U.S. Commerce Secretary Penny Pritzker called Siebert, who died Saturday, "a trailblazer whose business acumen and indomitable spirit made her a legend on Wall Street and a hero for the many women who followed her into business and the financial industry."
"The first woman to buy a seat on the New York Stock Exchange, to own and operate a brokerage firm that was a member of the Exchange, and to serve as superintendent of banking for the state of New York, she broadened opportunities for women throughout the country by constantly challenging the status quo," Pritzker said in a statement. "Her pioneering career and accomplishments will forever be an inspiration to me and countless other Americans."

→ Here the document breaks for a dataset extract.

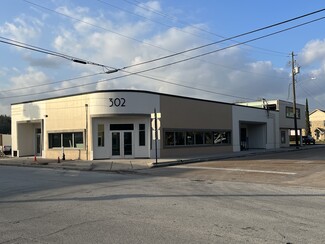 More details for 302 W Defee Ave, Baytown, TX - Retail for Rent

Jane H. Macon, a friend and board member of Siebert's firm, the Siebert Financial Corp., said Siebert died in Manhattan, The New York Times reported.
The newspaper said Siebert never rested in her fight to gain gender equality on Wall Street.
"Firms are doing what they have to do, legally," she once said. "But women are coming into Wall Street in large numbers -- and they still are not making partner and are not getting into the positions that lead to the executive suites. There's still an old-boy network. You just have to keep fighting."
Siebert never married or had children. She is survived by a sister, Elaine Siebert.